On March 2, 2006, a worker for BP Exploration (Alaska) discovered an oil spill in western Prudhoe Bay. Up to 6,400 oilbbl were spilled, making it the largest oil spill on Alaska's north slope to date. The spill was attributed to a pipeline rupture.

In October 2007, BP was found guilty of a misdemeanor violation of the Clean Water Act to resolve criminal liability relating to pipeline leaks of crude oil. As a result of the guilty plea, BP Alaska agreed to pay $20 million which included the criminal fine, community service payments and criminal restitution.

==August 2006 shutdown==

The March 2006 oil spill led the United States Department of Transportation to mandate that the transit lines be inspected for corrosion. As a result, BP announced on 6 August 2006 they had discovered severe corrosion, with losses of 70 to 81 percent in the 3/8-inch thickness of the pipe walls. Oil leaking was reported in one area, with the equivalent of four to five barrels of oil spilled. The damage required replacement of 16 of 22 mi of pipeline at the Prudhoe Bay. BP said it was surprised to find such severe corrosion and that it had been 14 years since they had used a pipeline inspection gauge ("pig") to clean out its lines because the company believed the use of the pigging equipment might damage pipe integrity. BP Exploration announced that they were shutting down the oil field indefinitely, due to the severe corrosion and a minor leak in the oil transit lines. This led to an 8% reduction in the amount of oil produced by the United States, as Prudhoe Bay was the country's largest oil producer, producing over 400000 oilbbl/d.
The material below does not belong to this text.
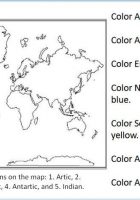continents oceans worksheets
BP initially estimated up to 2 to 3 months before the pipelines would be fully operational. This caused increases in world oil prices, and BP revised the estimated operational date to January 2007. London brent crude hit an intra-day high of $77.73/barrel, the all-time high, at that time, being $78.18/barrel. United States crude oil peaked at $76.67/barrel. The state of Alaska, which gets most of its revenue from taxing the oil industry, lost as much as $6.4 million each day until production restarted.
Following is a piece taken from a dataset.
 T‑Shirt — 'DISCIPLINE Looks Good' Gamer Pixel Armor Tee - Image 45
No part of the Alaska Pipeline was affected, although Alyeska said that lower crude oil volumes could slow pumping during the BP shutdown.

The field has since reopened. In mid-June 2007, however, a small leak occurred in one of the pipelines that connect the field to the Trans-Alaska Pipeline, shutting down the field for a week.

In March 2009 the State of Alaska sued BP in matter number 3AN-09-06181-CI alleging that BP was negligent in its management of rigging operations and corrosion control in the transit lines leading from the field into pumping station one of the Trans Alaska Pipeline. The state is seeking damages for lost royalty and tax revenues. The case seems to have been dismissed in 2010.